Information given ->
□ □ □

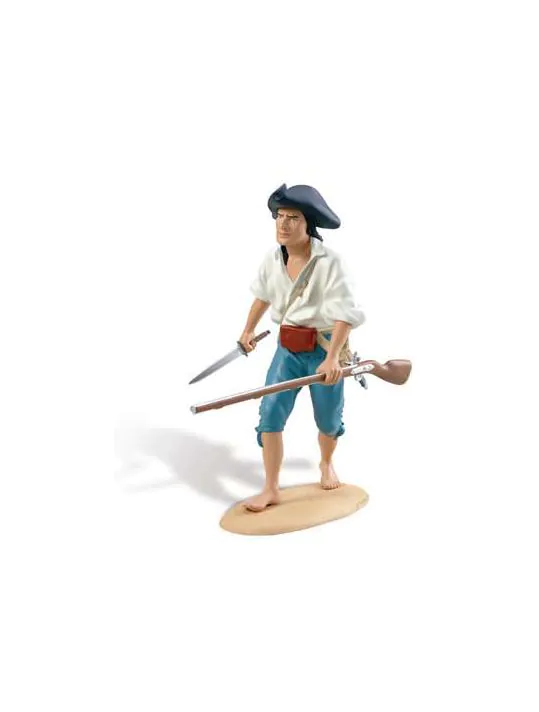 Création Leblon Delienne LPR01 L'épervier Pellerin figurine résine 23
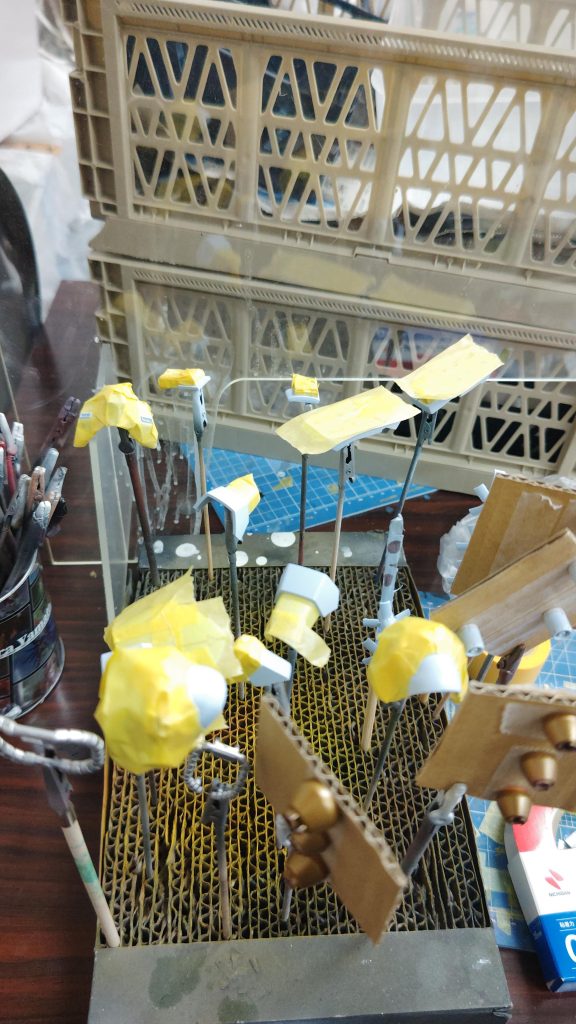 一部オリジナル塗装　サイコ・ドーガ–2枚目/制作者：かつらく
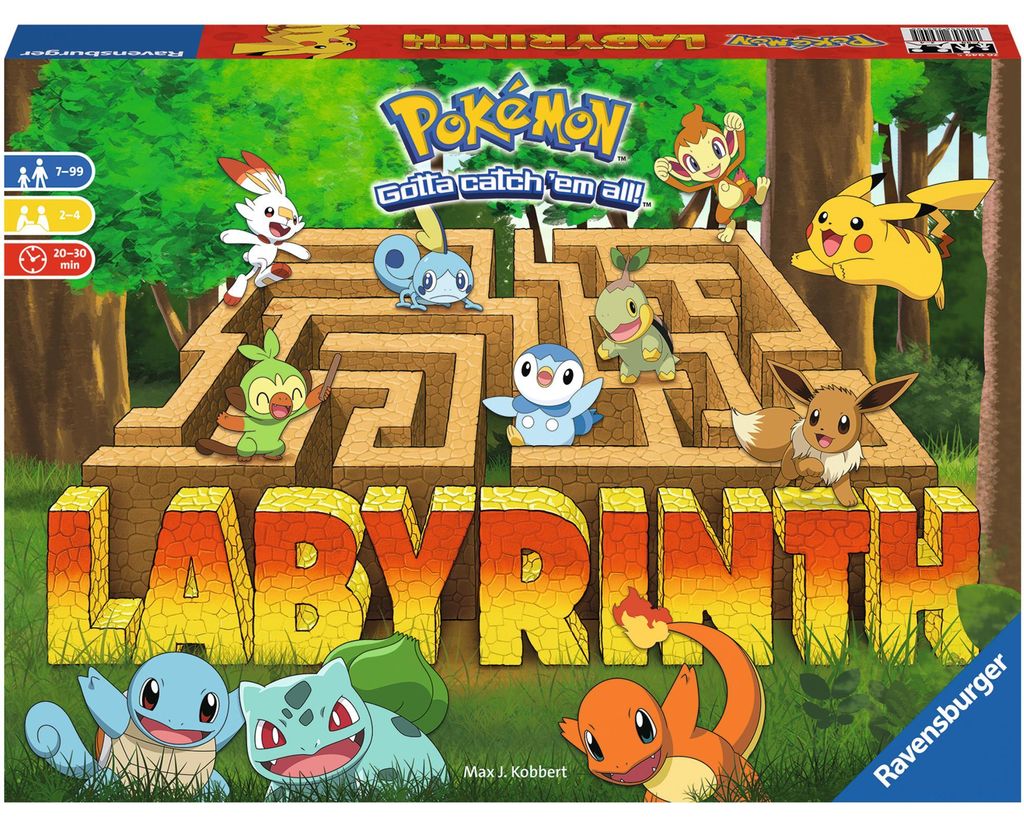 Labirinto Pokémon Ravensburger Immagine del prodotto 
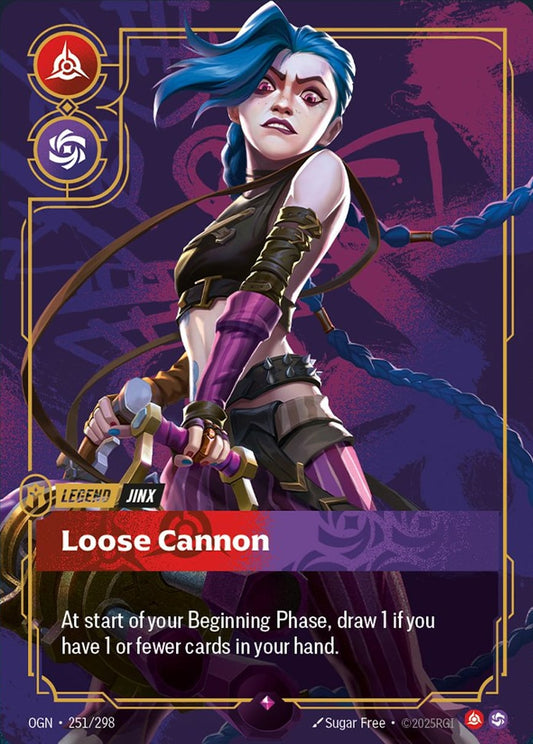Jinx - Loose Cannon [ Inglese / Cinese Semplificato ]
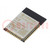 Module: IoT; Bluetooth Low Energy,WiFi; PCB; SMD; 18x25,5x3,1mm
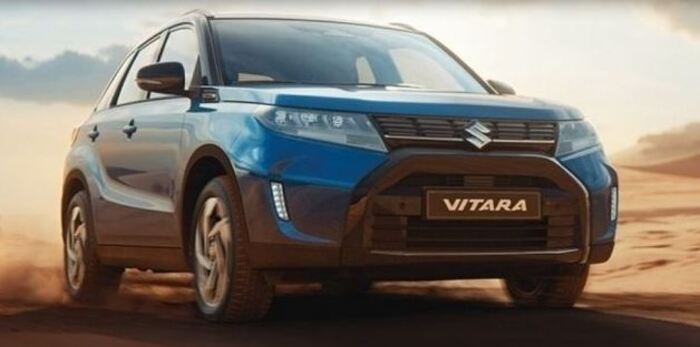  Новий Suzuki Vitara 2024 поступив в продаж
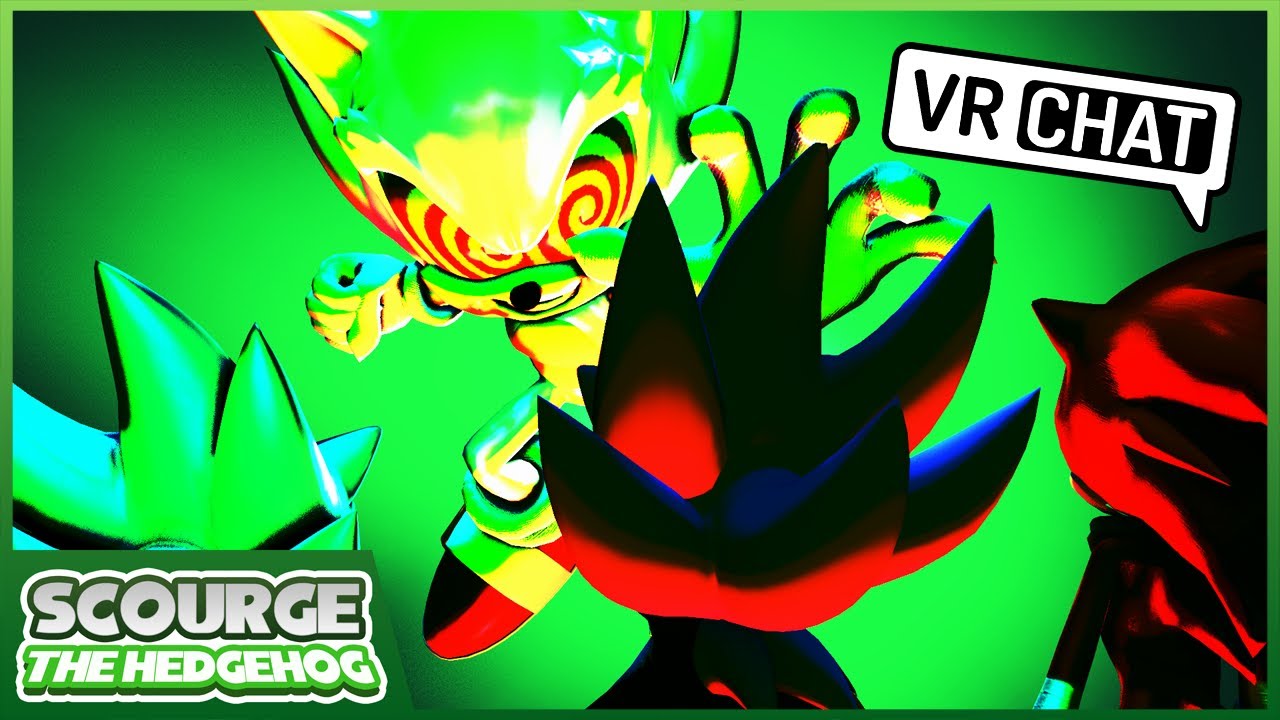Scourge VS Fleetway Finale (VR CHAT) Scourge saves Fiona!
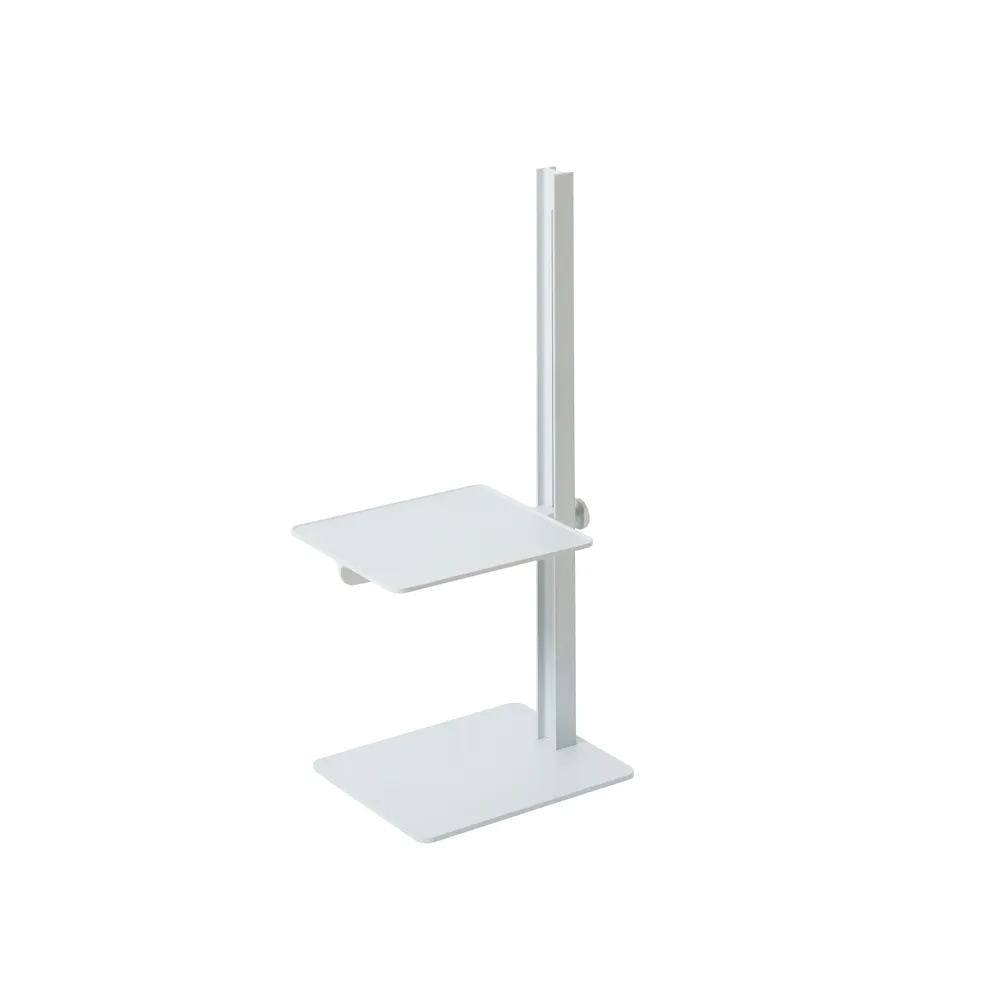 Museum side table, Aluminium Museum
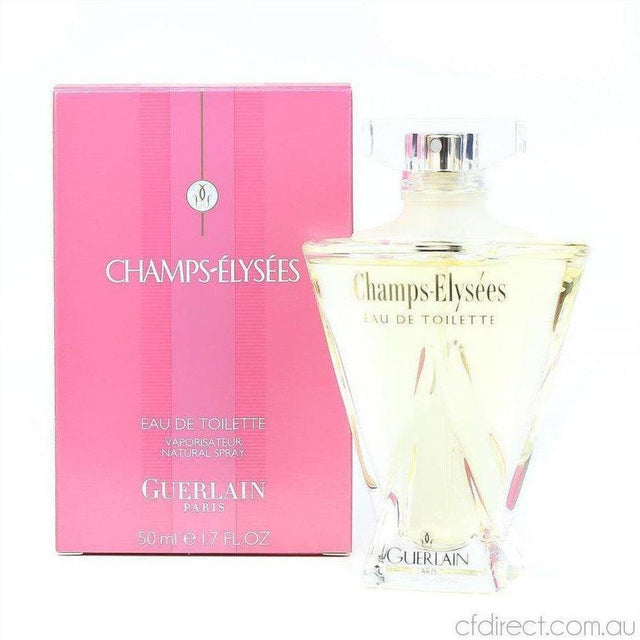 Guerlain Champs-Ãlysees Eau de Toilette 50ml - Cosmetics Fragrance Direct-3346470244047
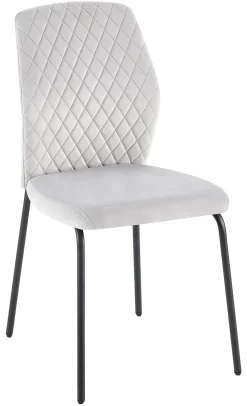 Artistiq Living Eetkamerstoelen Velvet / Fluweel|Beige Eetkamerstoelen|Eetkamerstoel Chante Velvet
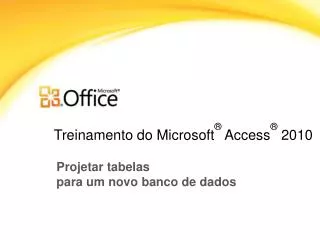 treinamento do microsoft access 2010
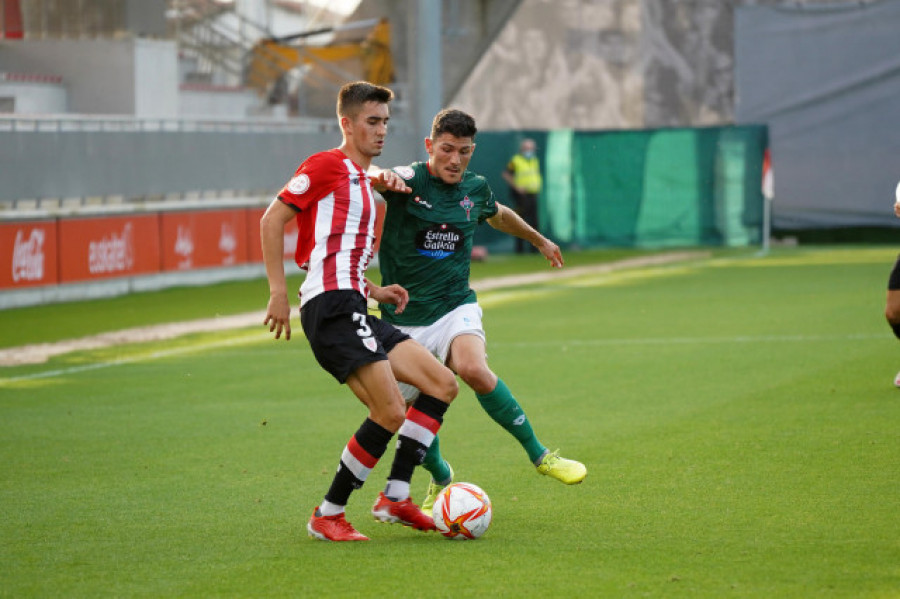 El Bilbao Athletic arrancó solo 5 puntos de 18 lejos de Lezama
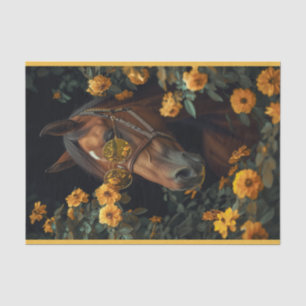 Daisy the Horse Seidenpapier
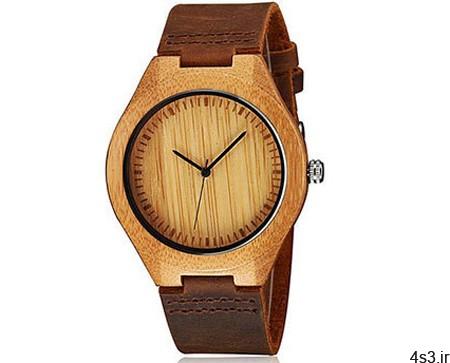 ساعت های مچی زیبای مردانه از جنس چوب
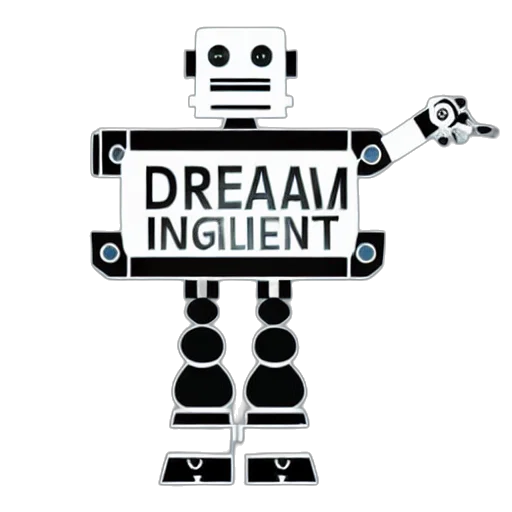 robot, concept art, pixel art, intelligence transparent PNG cut-out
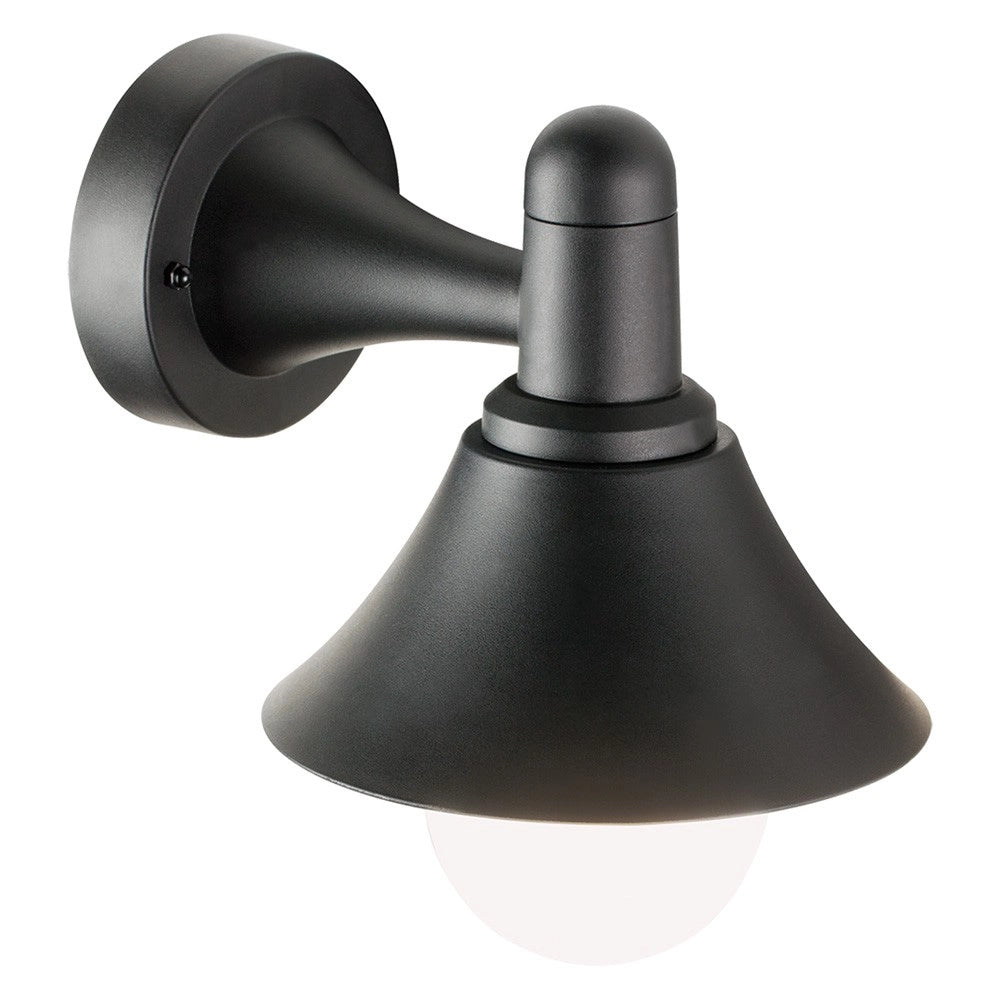 APPLIQUE SODA 40W CM23,5X23,5X18 NERO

□ □ □

Problem details ->
Everything from the line containing "El Bilbao Athletic" through the final line of the material must be set down exactly, except the pictures.

Answer box ->
 El Bilbao Athletic arrancó solo 5 puntos de 18 lejos de Lezama
 Daisy the Horse Seidenpapier
 ساعت های مچی زیبای مردانه از جنس چوب
 robot, concept art, pixel art, intelligence transparent PNG cut-out
 APPLIQUE SODA 40W CM23,5X23,5X18 NERO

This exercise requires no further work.